Despite widespread outrage over Moscow's war in Ukraine, only a small number of Western companies have deserted Russia, according to a Swiss study.
Researchers at the University of St. Gallen and at the IMD institute in Lausanne have delved into how many companies based in the European Union and in G7 countries have actually divested from Russia since its full-scale invasion of Ukraine began last February.
Their findings reveal "a very limited retreat of EU and G7 firms from Russia, (and) challenge the narrative that there is a vast exodus of Western firms leaving the market," St. Gallen University said in a statement Thursday.
"In effect, many firms headquartered in these nations have resisted pressures from governments, the media, and NGOs to leave Russia since the invasion of Ukraine."
The study, which was published last month by the online Social Science Research Network (SSRN) -- a publisher of "pre-print" studies not subjected to scientific peer-review -- showed that only less than 10 percent of EU and G7 companies with Russian subsidiaries had divested them.
When Moscow launched its invasion, 1,404 companies based in the EU and the G7 counted a total of 2,405 subsidiaries that were active in Russia, the study showed.
By late November, only 120, or about 8.5 percent of those companies, had divested at least one subsidiary in Russia, study authors Niccolo Pisani and Simon Evenett found.

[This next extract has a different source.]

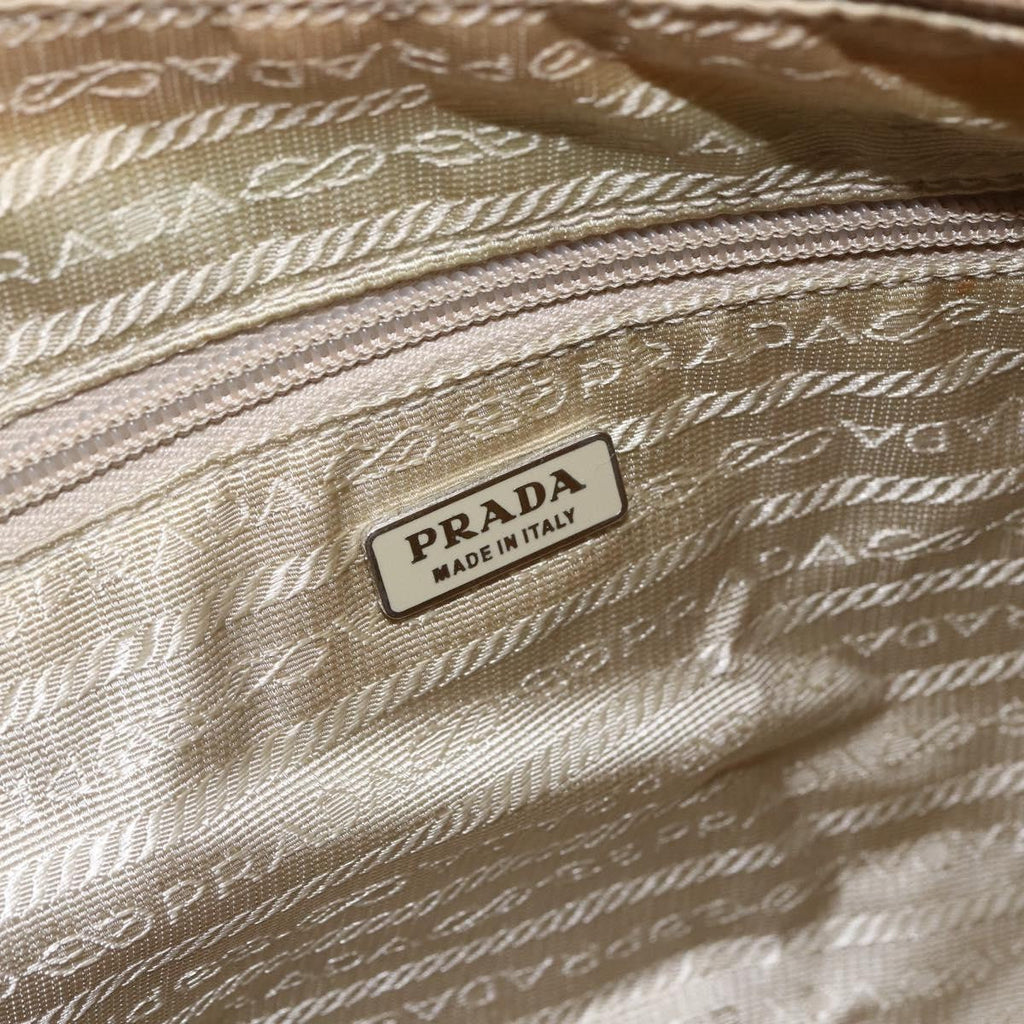 Prada Vintage Shoulder Bag Tessuto Yellow Nylon Shoulder Bag Bag (Pre-Owned)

There were more confirmed exits by companies headquartered in the United States than those based in Europe and Japan.
But even with the United States, fewer than 18 percent of U.S. subsidiaries operating in Russia had been completely divested since the invasion began, the study showed.
By contrast, 15 percent of Japanese firms and only 8.3 percent of EU firms had divested from Russia, it said.

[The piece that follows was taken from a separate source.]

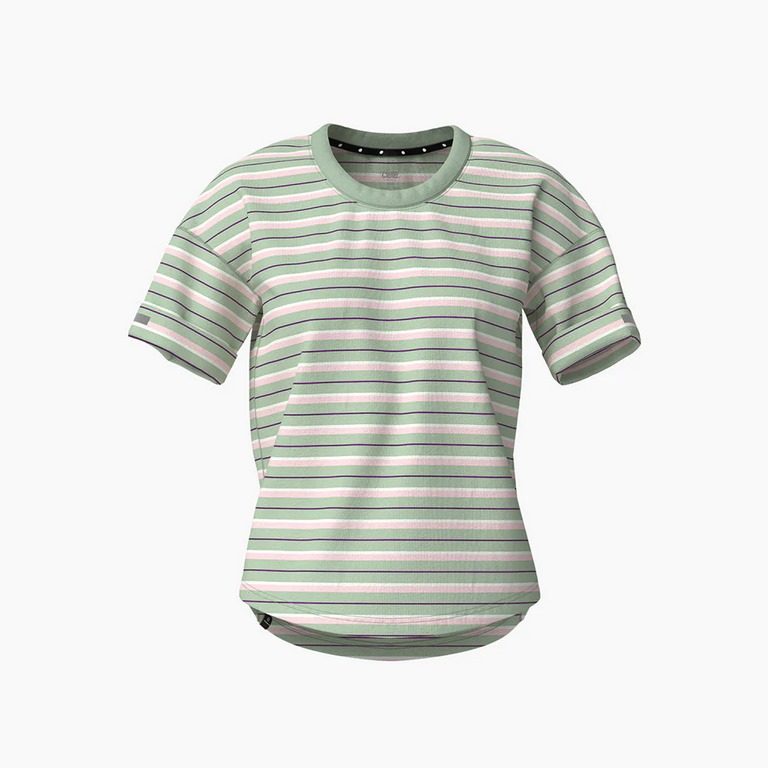 Ciele Athletics WNSBTShirt - Decade Stripe - Saint Lo | SOL-ID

Of those who have left their Russian subsidiaries in place, 19.5 percent are German and 12.4 percent are U.S.-owned, according to the study.

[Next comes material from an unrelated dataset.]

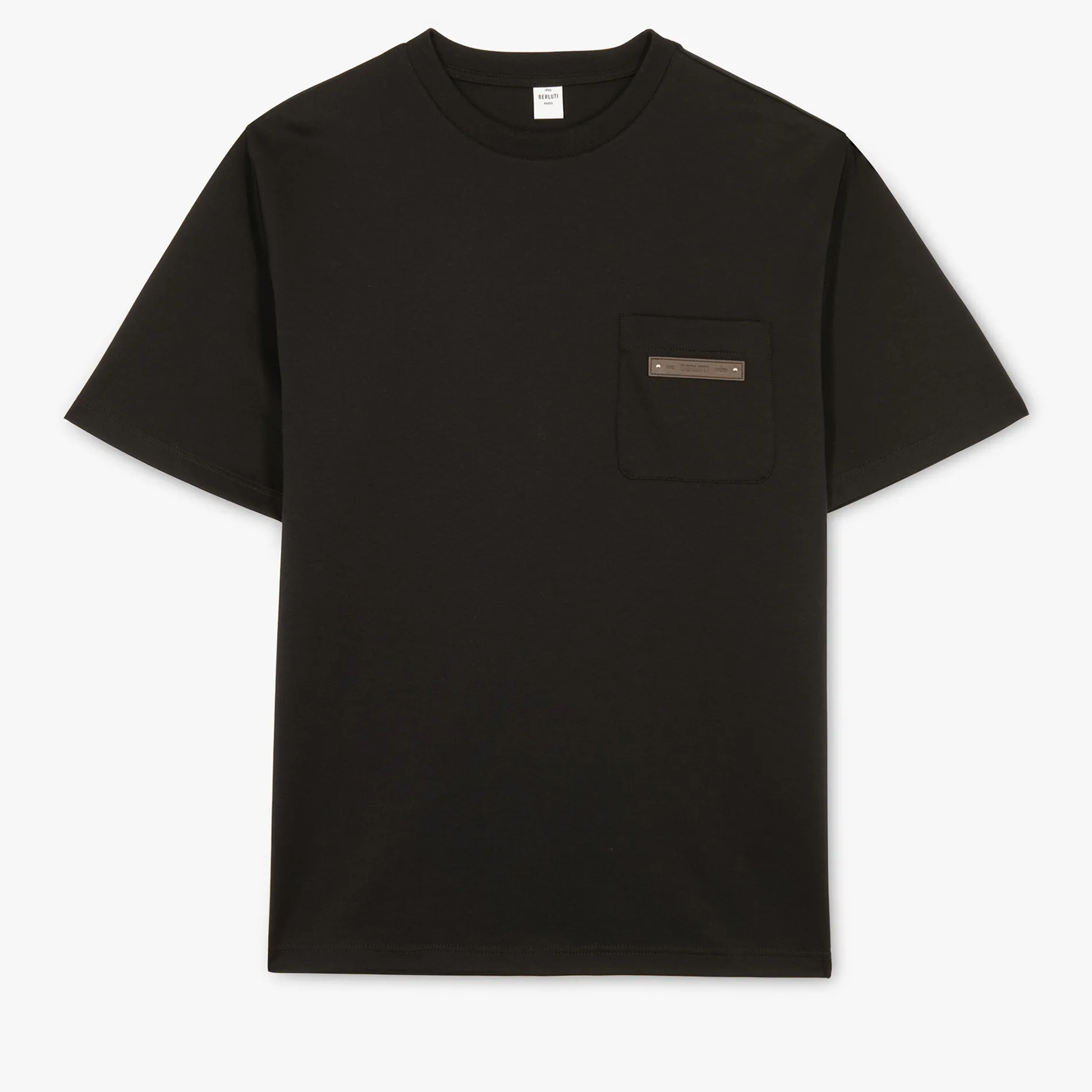 Berluti T-Shirt Avec D&eacute;tails En Cuir | Polos & T-shirts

The research also showed that the exiting Western firms only accounted for 6.5 percent of the total profit before tax of EU and G7 firms with active commercial operations in Russia.
They meanwhile accounted for 15.3 percent of the total number of employees working for such firms in Russia.
This indicates that, on average, the exiting firms tended to have lower profitability and larger workforces than the firms that remain in Russia, the study said.
These findings, the university statement said, "call into question the willingness of Western firms to decouple from economies their governments now deem to be geopolitical rivals."